Now he works full time for the group, meeting with local businesses to persuade them to take on people with criminal records. He also works for another group, Project WisHope, as a peer support specialist, using his experience to counsel currently and formerly incarcerated people.
It can still feel like a minor victory “just getting somebody an interview,” Mr. Cottingham said, with only two or three companies typically showing preliminary interest in anyone with a serious record.
“I run into some doors, but I keep talking, I keep trying, I keep setting up meetings to have the discussion,” he said. “It’s not easy, though.”
Ed Hennings, who started a Milwaukee-based trucking company in 2016, sees things from two perspectives: as a formerly imprisoned person and as an employer.
Mr. Hennings served 20 years in prison for reckless homicide in a confrontation he and his uncle had with another man. Even though he mostly hires formerly incarcerated men — at least 20 so far — he candidly tells some candidates that he has limited “wiggle room to decipher whether you changed or not.” Still, Mr. Hennings, 51, is quick to add that he has been frustrated by employers that use those circumstances as a blanket excuse.
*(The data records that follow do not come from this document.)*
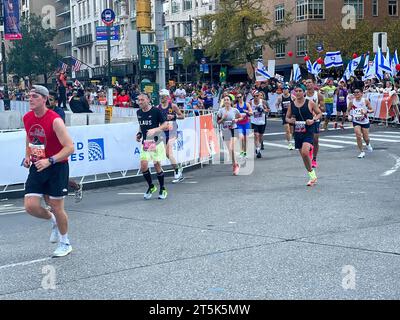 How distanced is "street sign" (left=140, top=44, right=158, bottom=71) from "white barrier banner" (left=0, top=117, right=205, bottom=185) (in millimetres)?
3375

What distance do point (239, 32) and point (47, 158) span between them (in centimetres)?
4764

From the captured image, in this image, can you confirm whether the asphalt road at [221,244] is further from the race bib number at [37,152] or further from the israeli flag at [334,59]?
the israeli flag at [334,59]

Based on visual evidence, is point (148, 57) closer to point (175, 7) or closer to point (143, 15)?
point (143, 15)

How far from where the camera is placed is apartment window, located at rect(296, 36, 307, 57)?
192 ft

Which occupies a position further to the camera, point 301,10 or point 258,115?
point 301,10

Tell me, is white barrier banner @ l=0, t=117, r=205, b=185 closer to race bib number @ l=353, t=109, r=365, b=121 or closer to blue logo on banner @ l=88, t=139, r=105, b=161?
blue logo on banner @ l=88, t=139, r=105, b=161

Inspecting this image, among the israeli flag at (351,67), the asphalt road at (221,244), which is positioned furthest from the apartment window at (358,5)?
the asphalt road at (221,244)

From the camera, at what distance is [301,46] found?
58.9 m

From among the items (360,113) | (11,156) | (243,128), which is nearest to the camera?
(11,156)

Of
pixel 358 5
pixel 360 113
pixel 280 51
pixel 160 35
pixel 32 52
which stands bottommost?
pixel 360 113

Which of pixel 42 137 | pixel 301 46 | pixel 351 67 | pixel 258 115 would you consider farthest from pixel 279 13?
pixel 42 137

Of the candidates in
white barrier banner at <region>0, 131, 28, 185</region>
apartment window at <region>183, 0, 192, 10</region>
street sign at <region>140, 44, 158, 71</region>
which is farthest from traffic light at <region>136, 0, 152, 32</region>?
apartment window at <region>183, 0, 192, 10</region>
“I understand that it takes a little more work to try to decipher all of that, but I know from hiring people myself that you just have to be on your judgment game,” he said. “There are some people that come home that are just not ready to change — true enough — but there’s a large portion that are ready to change, given the opportunity.”
In addition to greater educational opportunities before release, he thinks giving employers incentives like subsidies to do what they otherwise would not may be among the few solutions that stick, even though it is a tough political hurdle.
“It’s hard for them not to look at you a certain way and still hard for them to get over that stigma,” Mr. Hennings said. “And that’s part of the conditioning and culture of American society.”